Hi all! I had a very strange behaviour with a task...
# ask-community
d
Hi all! I had a very strange behaviour with a task being executed twice, with a few seconds interval:
Copy code
16:46:32 Task 'x': Starting task run...
16:46:33 Task 'x': Finished task run for task with final state: 'TriggerFailed'
01:39:32 Task 'x': Starting task run...
01:39:46 Task 'x': Starting task run...
Don't know if it could be linked, but I had to retry the parent task that failed (hence the "TriggerFailed" that you can see above). I'm running using a k8s executor, with core version 0.14.20. Any idea what could have happened?
k
Do you have
flow.run()
left in your Flow by chance? Is it all tasks or just one task?
d
Hi Kevin, No, there is no
flow.run()
within the flow. Actually, the next task had been started twice as well, it's ongoing.
Could it be something like two k8s pods both executing the same flow?
k
Ah did Lazarus trigger another Flow run?
d
From the dashboard, I only see this flow run 🤔 Apparently, one of our DevOps killed some pods yesterday, so this really looks like 2 pods running the same flow.
k
I mean from the logs, do you see Lazarus events re-submitting the Flow Run?

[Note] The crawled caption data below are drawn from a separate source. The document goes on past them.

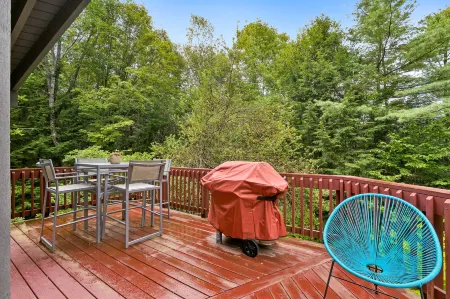 Hot Tub, Sauna and Game Room Amenities - Charming Eclectic Retreat Отели в г. Хартфорд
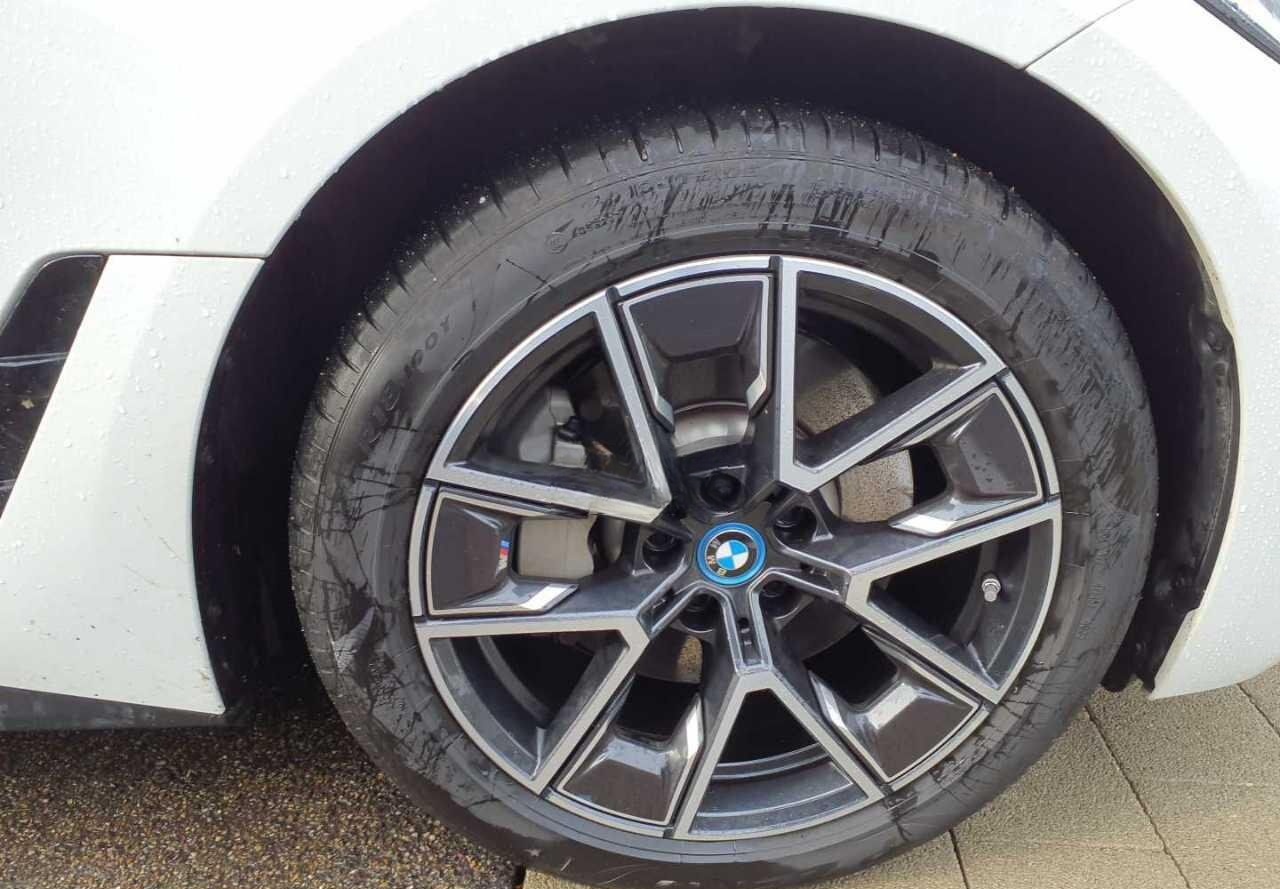 BMW i4 eDrive40 GranCoupe M Sport Shadow Live Cockpi foto 12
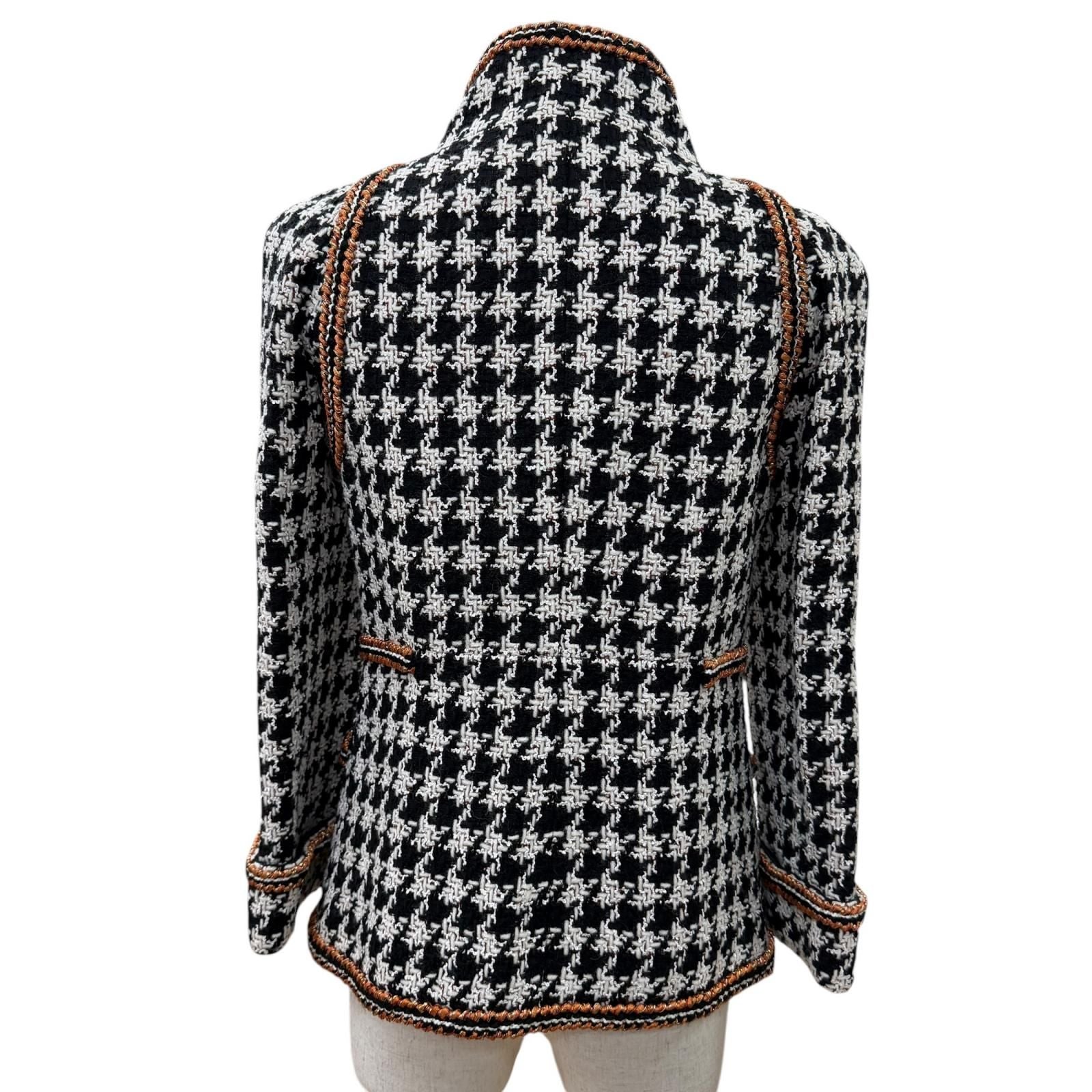 Chanel 17k Houndstooth Coco Button Zip Tweed Jacket Stand Collar Black 34 — view 4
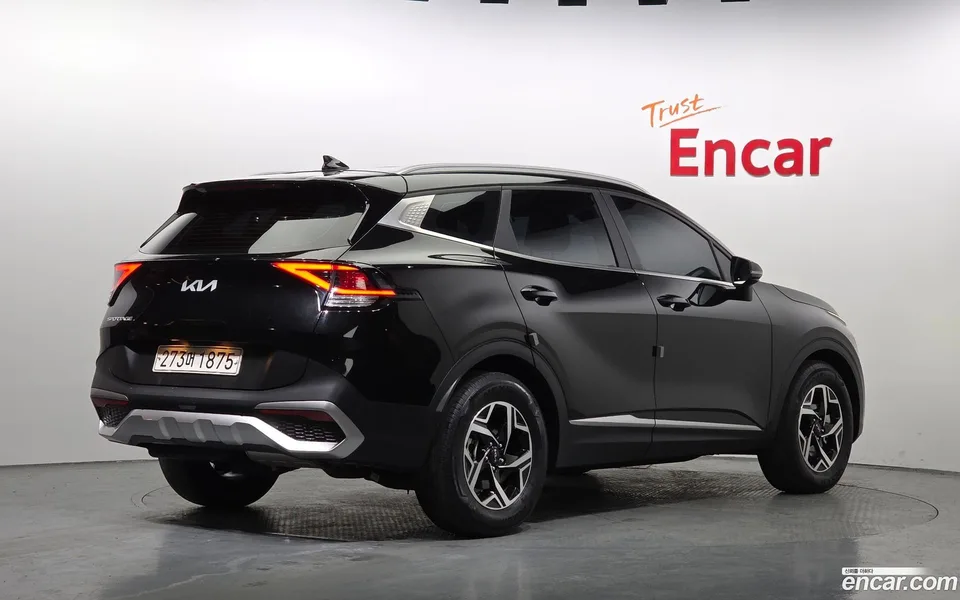 Kia Sportage 2.0 2WD 2022 — миниатюра 2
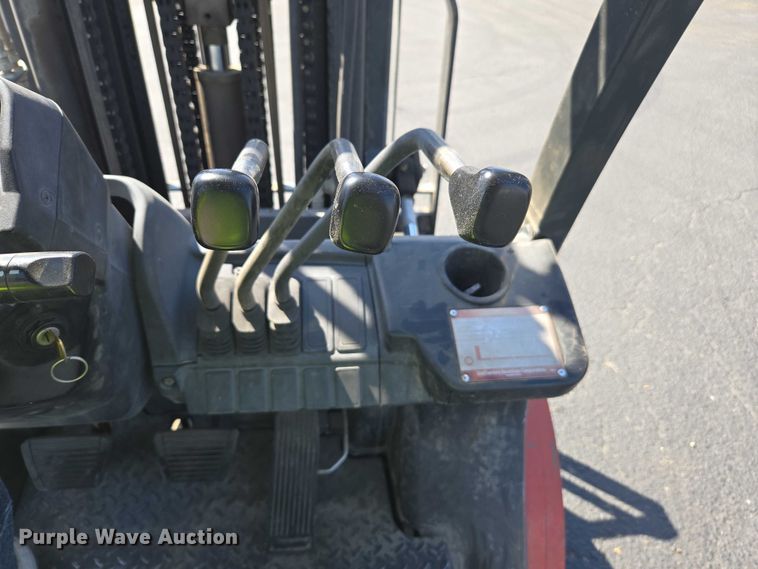 image for item EC1066 2015 UniCarriers PF60 forklift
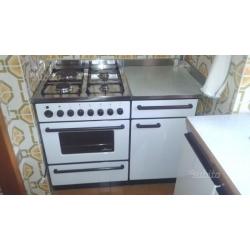 Cucina De Manincor con mobile lavello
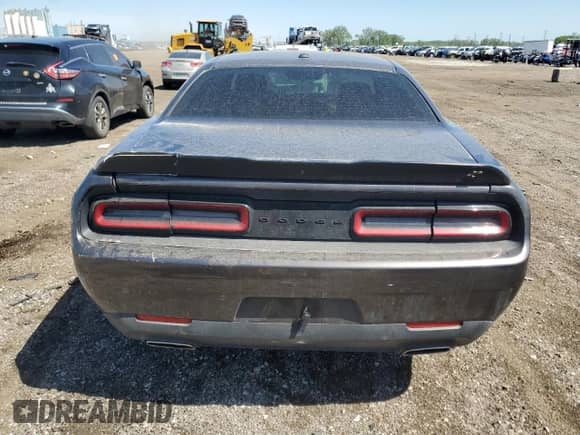 2020 Dodge Challenger SXT z VIN 2C3CDZGG9LH178910, wystawiony jako Copart lot #57433735 z przebiegiem 79 462 mil mil oraz Szkoda całkowita • Salvage title. Historia ofert i sprzedaży dostępna na DreamBid. Obrazek 6.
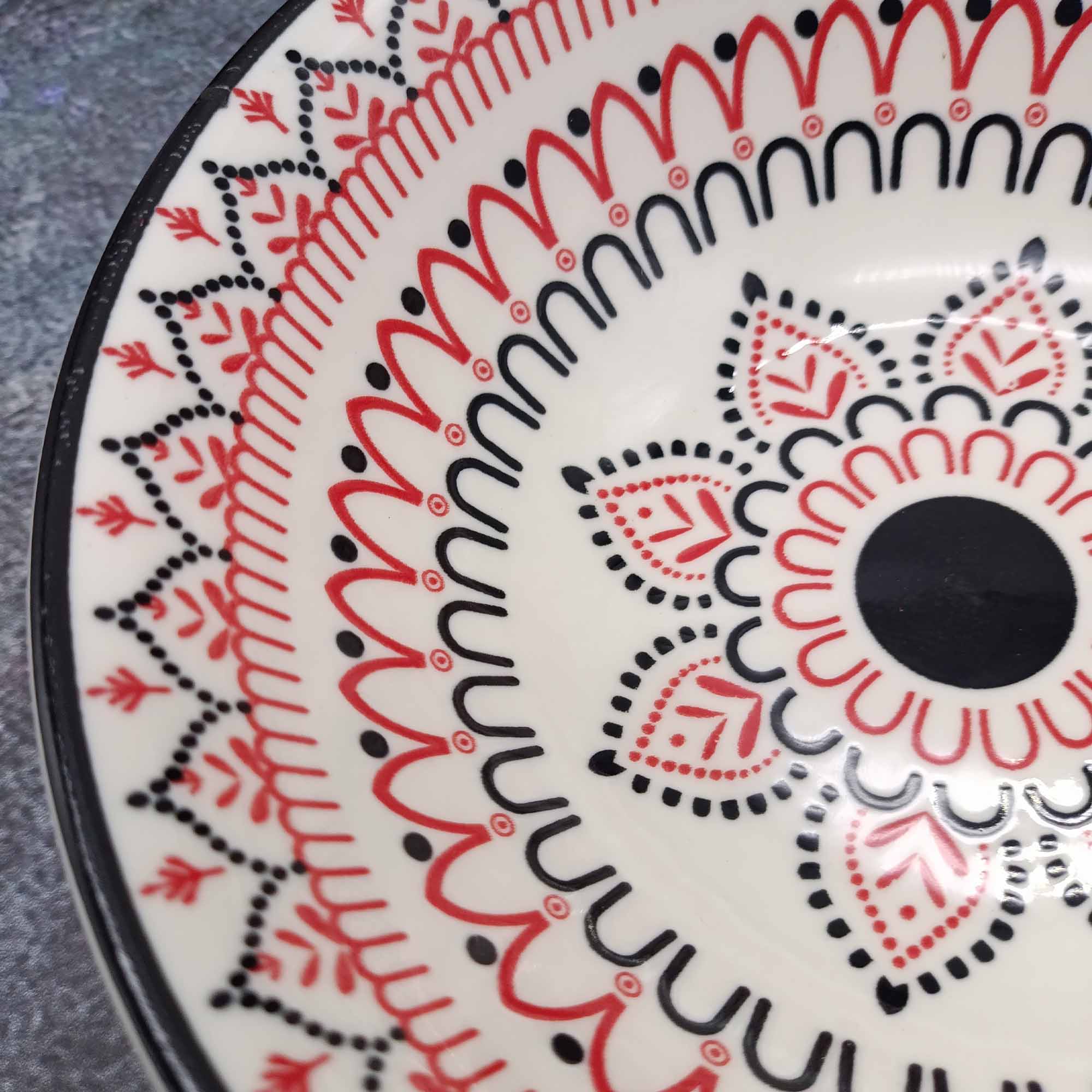 Миска 17,5см круглая, с узором РД84366 красный узор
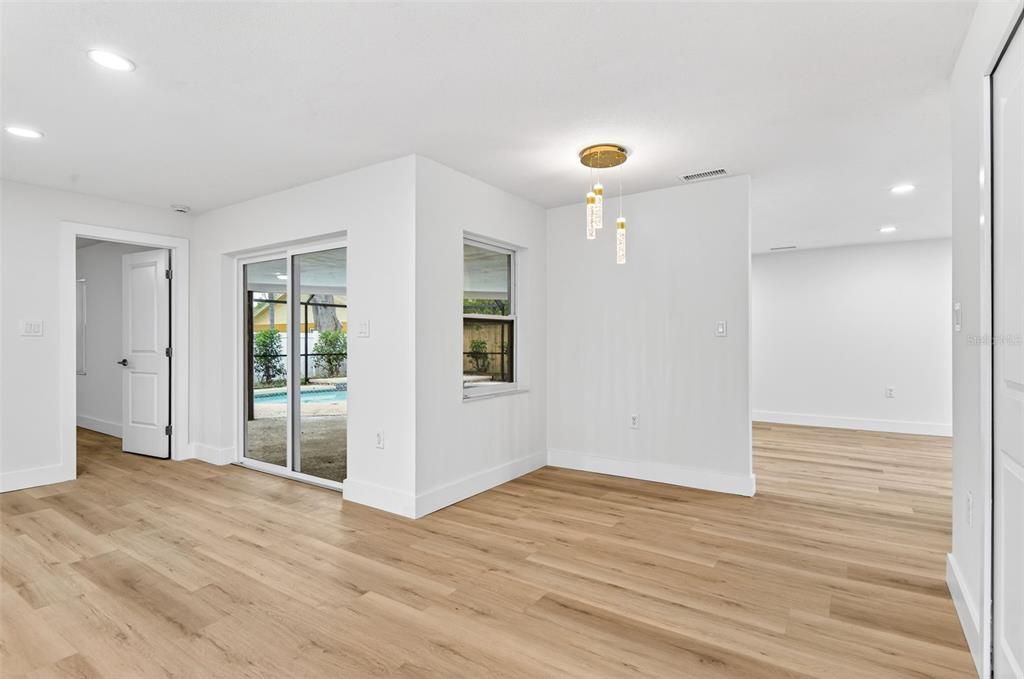 Под контрактом: $639,900 (3 спален, 2 ванн, 1809 Квадратных фут)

Second apart is pretty weird though because Lazarus is like a 10 minute thing
d
Nope, nothing else when looking at the full logs... I'll check with our DevOps to see the status of the pods.
Upon further investigation, looks like the parent task timed out not from our own code but because of no heartbeat ("No heartbeat detected from the remote task; marking the run as failed." (prefect-server.ZombieKiller.TaskRun) ), except that the worker actually continued in the backgroud. At the k8s level, there were indeed 2 pods deployed instead of one, so I'm guessing upon retrying the job was taken by the 2nd pod, while the 1st one was still running the flow.
k
I see, maybe threaded heartbeats can help with that?
d
I'll check it out, thank you very much Kevin!